Grab a Gig and go…. Camping!
Guest post by Last Minute Gear
So your Gig is all packed for a weekend away from the hustle and bustle of the city. You've snagged a great campsite, and you're ready for some rest and relaxation, peace and quiet, and sounds of nature.
You pull up into your designated campsite ... right next to a huge RV on one side blocking your view of the lake, and on the other side, a group of people playing loud music. At night you're kept awake by the sounds of late-night revelers and the bright lights that have been strung up. What happened to the tranquil camping weekend you were looking forward to?
The good news is that more people than ever are finding ways to get outdoors and reap the benefits of being in nature. However, this does mean that campgrounds are busier than ever.
So, if you're looking for a car camping experience that's more serene, we'll show you some things to look out for!
Look at a campground map
Luckily, most campgrounds now offer online reservations so you can see and select your specific campsite. But with locations where you still need to make a phone booking or just show up, it's a good idea to find a map (or call the ranger station or on-site service station). The size of the campground and number of campsites obviously will have a huge impact on the crowd and the kinds of conditions you're likely to encounter at camp.
Types of camping permitted
RV, or trailer camping, is very popular. However, if you're looking for something back-to-nature, you may want to find a campsite that doesn't permit these types of vehicles, because they inevitably bring electricity and everything that comes with it.
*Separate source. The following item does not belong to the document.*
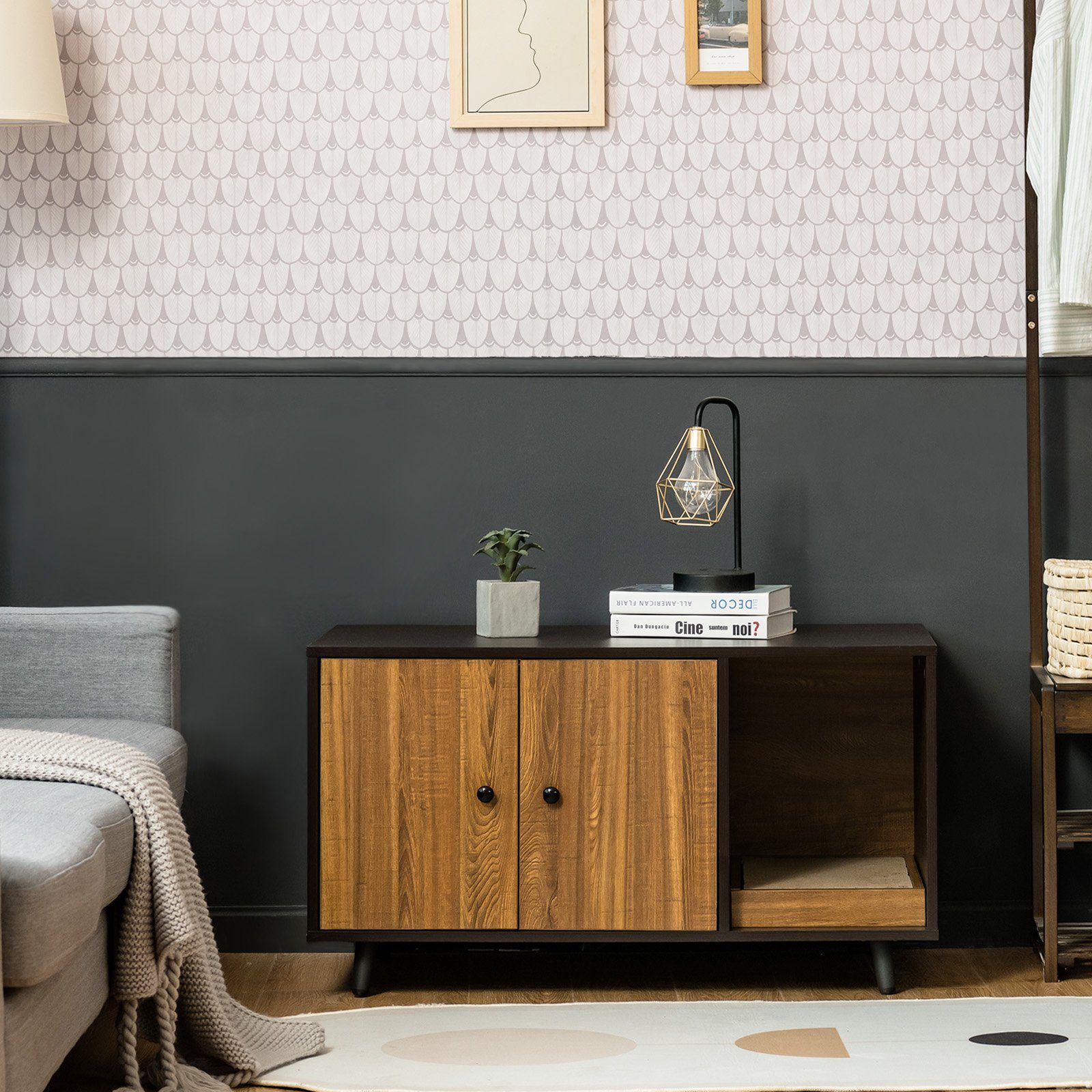 COSTWAY Tierhaus Couchtisch & Katzenhaus, mit günstig online kaufen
If the words RV or trailer are not specifically mentioned, look for language that says "tents only."
Staffing, facilities, and amenities
The more developed a campground is, the more likely it is to be a large, crowded type of experience. This doesn't mean you have to find a campsite where you don’t have bathroom facilities, but there's a huge gap in amenities between having a toilet (which is fairly common) and having picnic tables, fire pits, BBQs, and showers right at camp. When you're booking, be sure to look at the campground description. Keywords aren't really standardized, but some examples to look for could include primitive campsite, outhouse toilets, and no water (or bring your own water). Remember, just because amenities aren't provided that doesn't mean you can't bring in your own! The great news is, like with car rentals, there are many local and national services for renting camping equipment, from essentials like tents and sleeping bags to everything you need to replicate all the amenities of a fully-developed campsite – such as portable tables, chairs, stoves, water containers, and more.
Last Minute Gear offers gear to buy, rent, and borrow – and borrowing is free! (They are based in San Francisco and can ship nationwide.)
Campgrounds that are more "off the beaten path" are, of course, likely to be less trafficked. There's a whole spectrum of options here. You can find campgrounds that are actually fairly developed but require access by a well-maintained yet not-quite-paved dirt road. And of course at the other end, you can go dispersed camping on public lands (where you basically pull over off the road and make your own campsite).
Just remember to check the rules! For example, Gig, like most rental car companies, requires cars to be used on paved roads. Different territories may also have different rules of dispersed camping (for example: how far you can be off the main road, off-limits areas due to sensitive flora or fauna, and fire restrictions). And we always encourage following “Leave No Trace” principles so that the outdoors stay wild for everyone to enjoy.